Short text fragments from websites
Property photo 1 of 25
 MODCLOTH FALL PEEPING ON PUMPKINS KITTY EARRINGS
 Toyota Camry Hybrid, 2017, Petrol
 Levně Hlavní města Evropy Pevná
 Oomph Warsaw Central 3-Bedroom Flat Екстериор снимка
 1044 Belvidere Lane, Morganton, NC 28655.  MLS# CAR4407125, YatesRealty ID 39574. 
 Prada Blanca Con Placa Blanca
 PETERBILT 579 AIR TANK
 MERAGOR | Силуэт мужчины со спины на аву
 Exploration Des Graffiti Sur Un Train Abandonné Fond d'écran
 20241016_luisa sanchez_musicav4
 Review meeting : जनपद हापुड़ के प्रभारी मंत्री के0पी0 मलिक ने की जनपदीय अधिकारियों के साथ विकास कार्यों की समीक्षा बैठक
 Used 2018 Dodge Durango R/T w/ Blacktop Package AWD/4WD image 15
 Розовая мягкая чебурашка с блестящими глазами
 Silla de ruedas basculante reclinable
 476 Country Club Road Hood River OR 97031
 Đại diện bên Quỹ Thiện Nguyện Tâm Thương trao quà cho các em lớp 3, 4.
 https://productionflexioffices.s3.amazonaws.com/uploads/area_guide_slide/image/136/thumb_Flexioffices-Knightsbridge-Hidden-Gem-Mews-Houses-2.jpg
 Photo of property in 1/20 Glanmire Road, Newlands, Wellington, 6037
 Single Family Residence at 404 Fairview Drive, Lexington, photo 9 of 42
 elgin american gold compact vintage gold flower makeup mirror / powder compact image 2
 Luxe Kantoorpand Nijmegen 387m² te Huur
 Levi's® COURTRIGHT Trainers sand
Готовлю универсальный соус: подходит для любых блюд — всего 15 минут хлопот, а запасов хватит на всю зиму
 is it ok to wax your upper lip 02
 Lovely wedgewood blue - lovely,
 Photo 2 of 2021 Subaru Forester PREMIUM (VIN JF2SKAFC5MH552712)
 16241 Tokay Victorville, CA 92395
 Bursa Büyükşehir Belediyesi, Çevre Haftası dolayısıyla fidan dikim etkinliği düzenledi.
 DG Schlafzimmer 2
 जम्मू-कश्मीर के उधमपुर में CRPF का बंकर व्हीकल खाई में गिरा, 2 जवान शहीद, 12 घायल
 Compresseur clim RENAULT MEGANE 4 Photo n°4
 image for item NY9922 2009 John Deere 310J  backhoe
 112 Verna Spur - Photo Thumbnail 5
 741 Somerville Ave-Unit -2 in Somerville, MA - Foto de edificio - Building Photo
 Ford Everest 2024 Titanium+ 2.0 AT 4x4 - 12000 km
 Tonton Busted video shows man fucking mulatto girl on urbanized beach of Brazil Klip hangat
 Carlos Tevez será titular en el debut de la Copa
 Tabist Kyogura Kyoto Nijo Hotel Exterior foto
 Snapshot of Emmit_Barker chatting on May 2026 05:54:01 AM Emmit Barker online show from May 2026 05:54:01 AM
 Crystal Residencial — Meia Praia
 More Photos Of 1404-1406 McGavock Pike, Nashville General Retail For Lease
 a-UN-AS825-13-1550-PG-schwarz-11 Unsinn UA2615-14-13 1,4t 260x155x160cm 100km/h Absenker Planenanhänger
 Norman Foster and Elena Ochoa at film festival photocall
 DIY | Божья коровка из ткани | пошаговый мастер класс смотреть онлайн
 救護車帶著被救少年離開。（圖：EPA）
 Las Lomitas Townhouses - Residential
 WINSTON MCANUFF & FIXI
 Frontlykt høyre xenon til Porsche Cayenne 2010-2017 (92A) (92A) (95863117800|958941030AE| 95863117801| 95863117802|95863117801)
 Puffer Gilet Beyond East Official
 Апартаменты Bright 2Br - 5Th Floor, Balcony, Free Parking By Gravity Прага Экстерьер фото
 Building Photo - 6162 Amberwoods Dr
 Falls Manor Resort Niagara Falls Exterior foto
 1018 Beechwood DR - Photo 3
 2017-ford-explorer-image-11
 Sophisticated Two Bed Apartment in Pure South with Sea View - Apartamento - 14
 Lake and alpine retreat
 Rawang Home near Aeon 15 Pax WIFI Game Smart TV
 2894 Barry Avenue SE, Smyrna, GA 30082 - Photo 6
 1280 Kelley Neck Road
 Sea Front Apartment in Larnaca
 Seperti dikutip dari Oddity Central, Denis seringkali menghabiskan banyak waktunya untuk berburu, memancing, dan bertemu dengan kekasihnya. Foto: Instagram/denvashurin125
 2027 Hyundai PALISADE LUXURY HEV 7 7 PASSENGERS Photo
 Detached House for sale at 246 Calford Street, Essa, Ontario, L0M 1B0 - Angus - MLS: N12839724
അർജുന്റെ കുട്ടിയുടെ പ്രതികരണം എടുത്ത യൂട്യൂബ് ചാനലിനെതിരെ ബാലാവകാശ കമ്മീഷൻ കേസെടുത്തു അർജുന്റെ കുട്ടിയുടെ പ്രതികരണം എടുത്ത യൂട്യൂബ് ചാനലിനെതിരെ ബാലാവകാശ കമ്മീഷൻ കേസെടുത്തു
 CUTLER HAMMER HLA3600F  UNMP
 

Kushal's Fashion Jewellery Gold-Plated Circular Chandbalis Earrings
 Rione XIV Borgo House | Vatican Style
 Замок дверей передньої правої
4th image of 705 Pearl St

● **Action item**
Every line from the one containing "1280 Kelley Neck Road" through the final line of the data above is to be restated word for word, and nothing more.

● **Reply**
 1280 Kelley Neck Road
 Sea Front Apartment in Larnaca
 Seperti dikutip dari Oddity Central, Denis seringkali menghabiskan banyak waktunya untuk berburu, memancing, dan bertemu dengan kekasihnya. Foto: Instagram/denvashurin125
 2027 Hyundai PALISADE LUXURY HEV 7 7 PASSENGERS Photo
 Detached House for sale at 246 Calford Street, Essa, Ontario, L0M 1B0 - Angus - MLS: N12839724
അർജുന്റെ കുട്ടിയുടെ പ്രതികരണം എടുത്ത യൂട്യൂബ് ചാനലിനെതിരെ ബാലാവകാശ കമ്മീഷൻ കേസെടുത്തു അർജുന്റെ കുട്ടിയുടെ പ്രതികരണം എടുത്ത യൂട്യൂബ് ചാനലിനെതിരെ ബാലാവകാശ കമ്മീഷൻ കേസെടുത്തു
 CUTLER HAMMER HLA3600F  UNMP
 

Kushal's Fashion Jewellery Gold-Plated Circular Chandbalis Earrings
 Rione XIV Borgo House | Vatican Style
 Замок дверей передньої правої
4th image of 705 Pearl St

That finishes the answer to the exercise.